We are pleased to announce the 2016 winner. At the AES spring meetings in Washington, D.C. on April 1, Ivan Sandoval-Cervantes (U. of Oregon) was awarded the 2016 prize for his paper entitled “Incomplete Lives: The Unfinished Houses of Undocumented Migrants in Oaxaca, Mexico.” Ritty Lukose (NYU Gallatin) chaired the prize committee and was joined by Amy Trubek (University of Vermont), Sonia Das (New York University) and Azra Hromadzic (Syracuse University).

The committee wrote the following words of praise for the paper:

Ivan’s essay analyzes the relationship between undocumented migration, materiality and migrant lives within Oaxaca, Mexico by exploring the affective dimensions of house construction, many of which remain unfinished. Deploying a keen ethnographic eye rendered in beautiful and skillful prose, the essay link unfinished houses, migration trajectories and family obligations.
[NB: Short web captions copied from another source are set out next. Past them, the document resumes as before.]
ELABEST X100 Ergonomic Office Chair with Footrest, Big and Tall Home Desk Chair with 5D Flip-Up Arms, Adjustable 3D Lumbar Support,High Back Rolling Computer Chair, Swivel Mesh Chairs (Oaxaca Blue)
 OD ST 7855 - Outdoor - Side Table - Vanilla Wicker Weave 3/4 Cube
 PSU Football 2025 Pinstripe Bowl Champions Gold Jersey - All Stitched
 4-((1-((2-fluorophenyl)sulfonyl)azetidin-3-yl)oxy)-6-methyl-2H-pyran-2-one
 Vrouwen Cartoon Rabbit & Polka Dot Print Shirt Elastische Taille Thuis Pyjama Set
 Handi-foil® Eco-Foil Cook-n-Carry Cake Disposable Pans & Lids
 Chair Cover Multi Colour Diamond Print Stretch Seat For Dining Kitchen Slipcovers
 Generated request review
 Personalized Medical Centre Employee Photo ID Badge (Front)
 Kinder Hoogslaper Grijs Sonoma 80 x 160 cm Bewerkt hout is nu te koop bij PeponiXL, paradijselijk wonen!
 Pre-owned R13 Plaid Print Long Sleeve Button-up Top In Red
After richly conjuring up the material landscape of unfinished houses within Oaxaca, he digs deeper to draw out the affective landscape of presence and absence, success and failure that mark migrant lives. He is also able to contextualize both the material and affective in imaginations of futurity that mark migrant hopes for their children.

This essay displays the seminal contribution that ethnography can make to an interdisciplinary terrain of inquiry such as migration studies. Ivan contextualizes his ethnographic work as a contribution to this scholarship that is often marked by generalized understandings about remittance economies and return migration. Folding the precarity of being undocumented into the material and affective landscapes produced by remittances and the hopes of return, the unfinished house stands as the presence-absence of the migrant herself. Coursing through kin networks and family obligations, the materiality of the unfinished houses that dot the landscape bear witness to the incomplete lives of migrants, a window into the affective dimensions of remittances and return. Such theoretically acute, ethnographically rich and contextualized material opens up the space between the dominant ways of understanding migration in the social sciences – marked by “push” and “pull” factors. Ivan’s essay lays bare the everyday, palpable ways in which migrants are caught between the two. The unfinished house is a tangible instantiation of this struggle resonant with meaning.

Congratulations to Ivan!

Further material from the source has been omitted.